Starting at the line that contains "Invitation de mariage", repeat each line of the listing below through the last one, exactly, and leave out every picture.

START Information shown

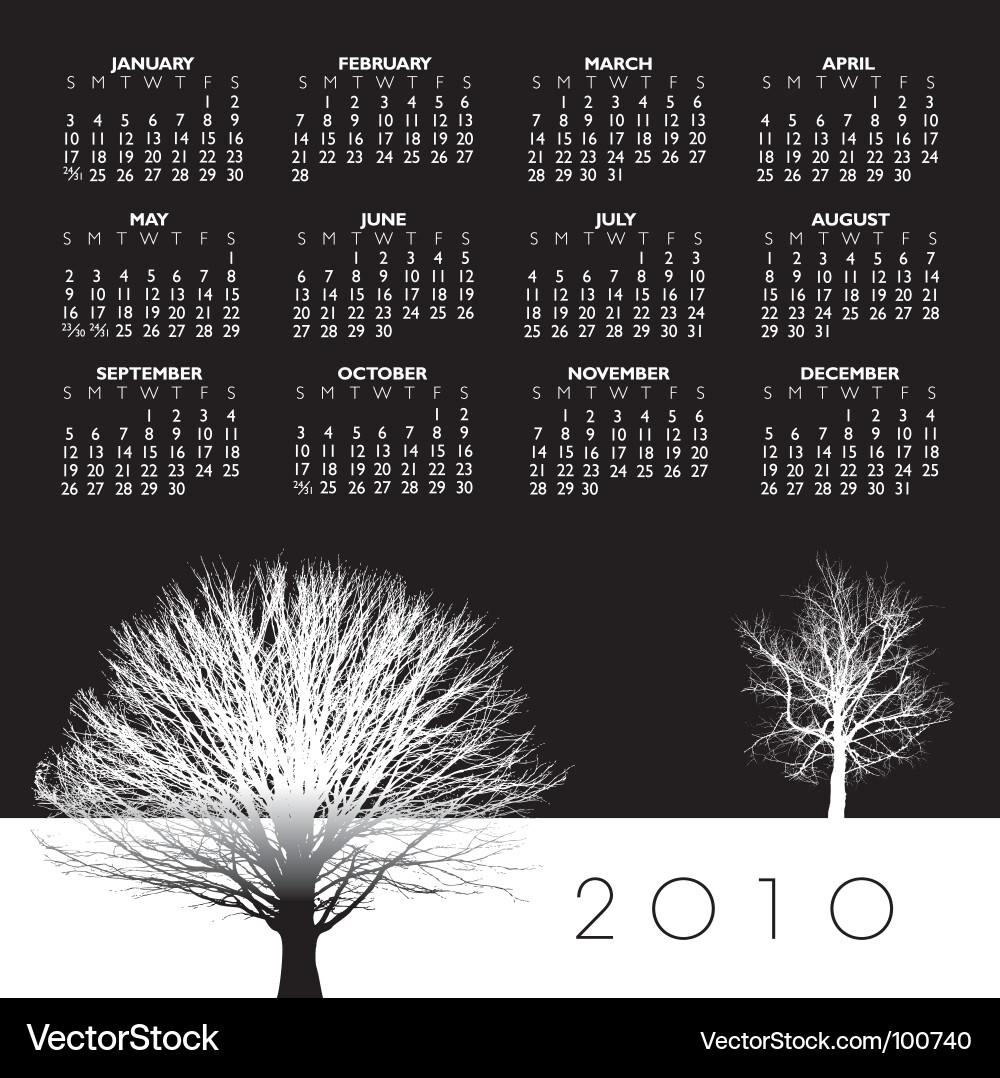 2010 trees calendar Vector Image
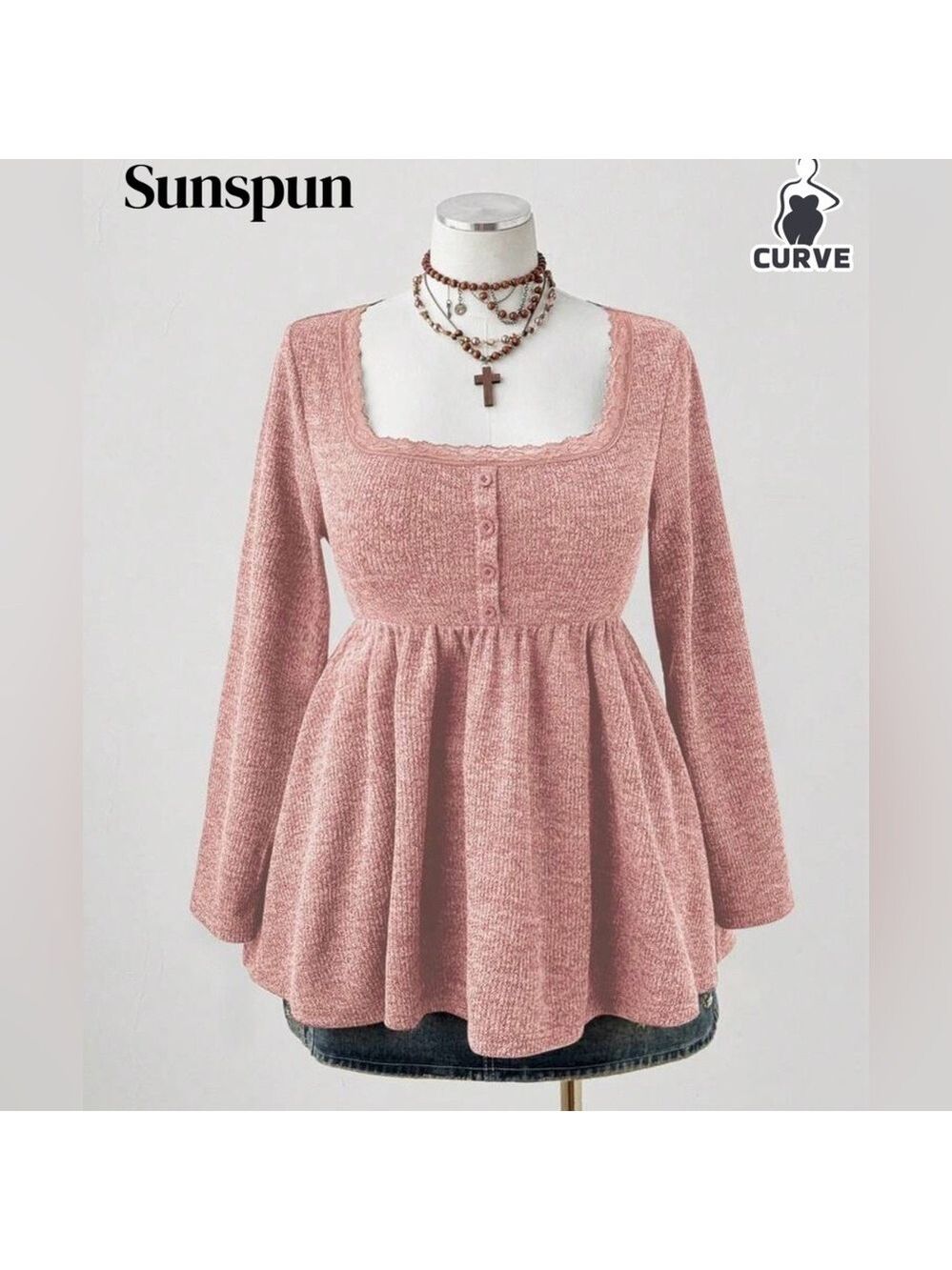 NWOT SHEIN Pink Knit Long Sleeve Peplum Top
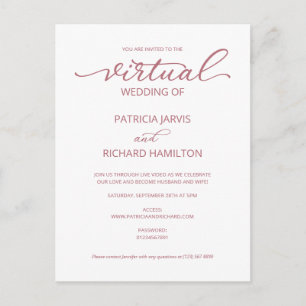 Invitation de mariage virtuel simple et élégant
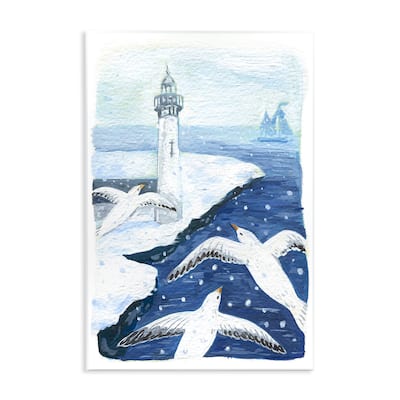 Stupell Snowy Winter Harbor Birds Wall Plaque Art Design By Hannah Moren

END Information shown

Exercise answer
 Invitation de mariage virtuel simple et élégant
 Stupell Snowy Winter Harbor Birds Wall Plaque Art Design By Hannah Moren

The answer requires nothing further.